3.5k views Asked by At

I am developing a simple xml logfile class using lxml in Python.

My approach so far has been to use two files. A well-formed XML file which includes a second file which is a XML fragment. I am using an xi:include element. This way XML fragment can be updated efficiently by simply appending <event> elements to the end of the file.

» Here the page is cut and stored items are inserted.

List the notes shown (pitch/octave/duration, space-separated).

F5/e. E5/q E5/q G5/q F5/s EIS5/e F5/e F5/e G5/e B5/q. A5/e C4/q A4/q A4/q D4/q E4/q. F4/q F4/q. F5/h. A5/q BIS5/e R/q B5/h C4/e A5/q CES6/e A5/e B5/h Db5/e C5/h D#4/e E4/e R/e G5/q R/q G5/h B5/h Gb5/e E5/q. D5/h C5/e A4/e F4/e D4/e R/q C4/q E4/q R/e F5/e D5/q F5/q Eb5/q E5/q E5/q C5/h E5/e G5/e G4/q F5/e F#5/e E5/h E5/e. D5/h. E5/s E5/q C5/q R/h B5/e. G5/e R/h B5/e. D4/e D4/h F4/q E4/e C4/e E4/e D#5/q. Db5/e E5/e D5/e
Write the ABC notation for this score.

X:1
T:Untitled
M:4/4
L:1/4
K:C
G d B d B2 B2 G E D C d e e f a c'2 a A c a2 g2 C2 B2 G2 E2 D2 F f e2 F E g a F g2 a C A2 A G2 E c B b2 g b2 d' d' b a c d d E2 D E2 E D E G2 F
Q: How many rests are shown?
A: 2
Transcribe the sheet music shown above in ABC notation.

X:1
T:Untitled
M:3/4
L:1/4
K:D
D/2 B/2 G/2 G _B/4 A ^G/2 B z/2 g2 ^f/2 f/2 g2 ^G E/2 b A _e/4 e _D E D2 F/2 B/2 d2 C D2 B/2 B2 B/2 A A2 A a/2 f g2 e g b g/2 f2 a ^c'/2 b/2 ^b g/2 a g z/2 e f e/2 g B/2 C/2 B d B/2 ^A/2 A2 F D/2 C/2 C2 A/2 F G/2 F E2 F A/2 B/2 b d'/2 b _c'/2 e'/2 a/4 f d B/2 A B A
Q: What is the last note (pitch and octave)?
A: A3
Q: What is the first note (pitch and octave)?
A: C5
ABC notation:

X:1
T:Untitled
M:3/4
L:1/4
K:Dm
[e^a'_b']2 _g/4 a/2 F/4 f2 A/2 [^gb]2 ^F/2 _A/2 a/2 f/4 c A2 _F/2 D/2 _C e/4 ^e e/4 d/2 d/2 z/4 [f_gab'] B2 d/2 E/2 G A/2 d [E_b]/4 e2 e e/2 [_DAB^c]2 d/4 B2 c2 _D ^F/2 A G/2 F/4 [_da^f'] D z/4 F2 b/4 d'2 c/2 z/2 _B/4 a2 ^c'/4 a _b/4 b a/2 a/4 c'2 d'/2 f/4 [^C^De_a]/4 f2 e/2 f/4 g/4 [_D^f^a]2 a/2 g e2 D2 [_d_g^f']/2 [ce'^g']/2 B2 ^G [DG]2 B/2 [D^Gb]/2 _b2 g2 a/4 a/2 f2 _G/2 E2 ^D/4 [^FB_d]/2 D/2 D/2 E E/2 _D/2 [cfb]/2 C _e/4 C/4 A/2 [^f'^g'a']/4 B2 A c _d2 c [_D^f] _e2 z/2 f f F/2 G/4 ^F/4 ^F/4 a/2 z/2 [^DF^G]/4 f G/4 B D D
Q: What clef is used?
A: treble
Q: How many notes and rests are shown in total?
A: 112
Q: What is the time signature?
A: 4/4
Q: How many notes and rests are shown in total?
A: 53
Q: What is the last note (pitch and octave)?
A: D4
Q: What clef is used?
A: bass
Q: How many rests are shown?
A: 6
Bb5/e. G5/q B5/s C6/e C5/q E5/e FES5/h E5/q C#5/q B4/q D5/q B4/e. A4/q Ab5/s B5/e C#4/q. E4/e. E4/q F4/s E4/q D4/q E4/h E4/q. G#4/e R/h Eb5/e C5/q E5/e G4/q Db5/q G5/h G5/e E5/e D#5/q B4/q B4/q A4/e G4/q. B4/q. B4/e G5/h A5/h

The well formed XML file ('logfile.xml') looks like this:

 <?xml version="1.0"?>
<logfile>
<event xmlns:xi="http://www.w3.org/2001/XInclude">
    <xi:include href="events.xml"/>
</event>
</logfile>

The xml fragment ('events.xml') looks like this:

<event>
     <data></data>
</event>
<event>
     <data></data>
</event>
<event>
     <data></data>
</event>

My goal is to end up with:

<?xml version="1.0"?>
 <logfile>
    <event>
         <data></data>
    </event>
    <event>
         <data></data>
    </event>
    <event>
         <data></data>
    </event>
 </logfile>

In python I am using the xinclude method to process the xi:include element in my well formed XML file ('logfile.xml'). This works but only if there is one <event> element is the XML fragment ('events.xml')

My python code:

tree = etree.parse('logfile.xml')
tree.xinclude()
root = tree.getroot()
print etree.tostring(self.logfileNode, pretty_print=True, xml_declaration=True, encoding='UTF-8')

The error I am seeing:

lxml.etree.XIncludeError: Extra content at the end of the document

I could contain the events in another element, but this doesn't lend itself well to appending data to the end of the XML fragment document.

1

There are 1 answers

5
Francis Avila On

The document referenced by xi:xinclude must be a complete xml document ("complete xml infoset"). Your events.xml is not a valid xml document because you don't have a single root containing element.

You might be able to include just a subset by using the xpointer attribute to select the event elements. I'm not sure lxml supports this attribute, however.